The distinctive nature of access orders influences the choice of enforcement measure. Denial of access and refusal to exercise access are different from refusal to pay a judgment debt, and different interventions may be appropriate depending on the nature of the case. The different circumstances in which access denial and failure to exercise access arise call for different legal interventions. Generally, the best interests of the child standard will support an incremental application of enforcement measures, under which alternative approaches are stressed and compensatory remedies are used initially. When access denial or failure to exercise access persists, remedies become more coercive and punitive. The use of coercive or punitive measures is problematic when there are good reasons for non-compliance. In such cases, it may be in the best interests of the child to vary the custody and access order. Coercive and punitive measures often undermine the best interests of the child and are therefore considered appropriate only after other measures have failed.

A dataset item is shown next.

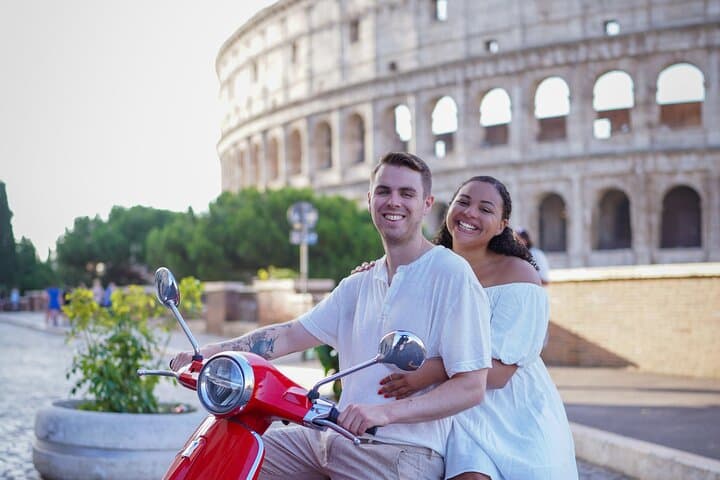 Rome's Easy Ride Vespa Photoshoot with Pick Up and Drop Off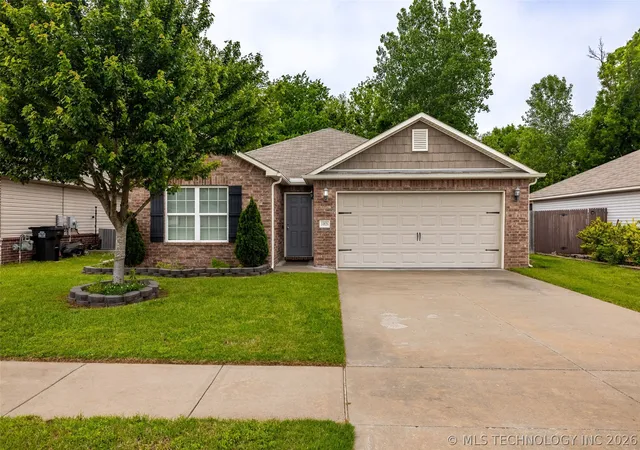 Photo 1 of Single family home for sale at 14826 S Hudson Ave, Bixby, OK 74008 | MLS# 2615190 | Listing updated on 2026-08-21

Australia, the UK and the US have legal cultures and socio-economic conditions that are similar to Canada’s. Canadian law and policy-makers can learn from or use as models the laws and processes used in these countries to deal with access enforcement. Australia and Connecticut are particularly helpful models in regard to early screening and provision of services. Australia has long recognized the need for early identification of particularly problematic parenting issues in order to provide appropriate services. Recent efforts there have focused on improving early identification of serious problems at an early stage. As well, Australia encourages settlement of access disputes and funds a range of services to assist families. In regard to supervised access, Australia’s guidelines to enhance the relationship between the family courts and the supervised access service may be a useful model for Canada. These guidelines outline factors to consider before ordering supervised access, and they may prevent supervised orders being made or continuing when they are not in the best interests of the child. Connecticut has an early screening program and provides differentiated services appropriate to the nature of the access dispute. The evaluation of Connecticut’s program indicates that it significantly improves outcomes. Connecticut provides a good model for Canadian law and policy-makers. Recent efforts in England and Wales to improve access enforcement by introducing new statutory sanctions points to the limits of punitive measures and the importance of preventive and alternative measures. England’s experience indicates that punitive measures may be appropriate primarily in the relatively small number of cases where the custodial parent is hostile to access. For high-conflict cases, cases involving safety concerns, and those involving older children who are dissatisfied with the access arrangements, more emphasis should be given to problem-solving and to facilitating a workable plan for the future. Michigan provides a model of a state that provides full-service government enforcement of access orders. Because the state assumes the responsibility of enforcing access, much of the burden in lifted from parents. For provinces and territories interested in providing an access-enforcement service, Michigan provides a good model.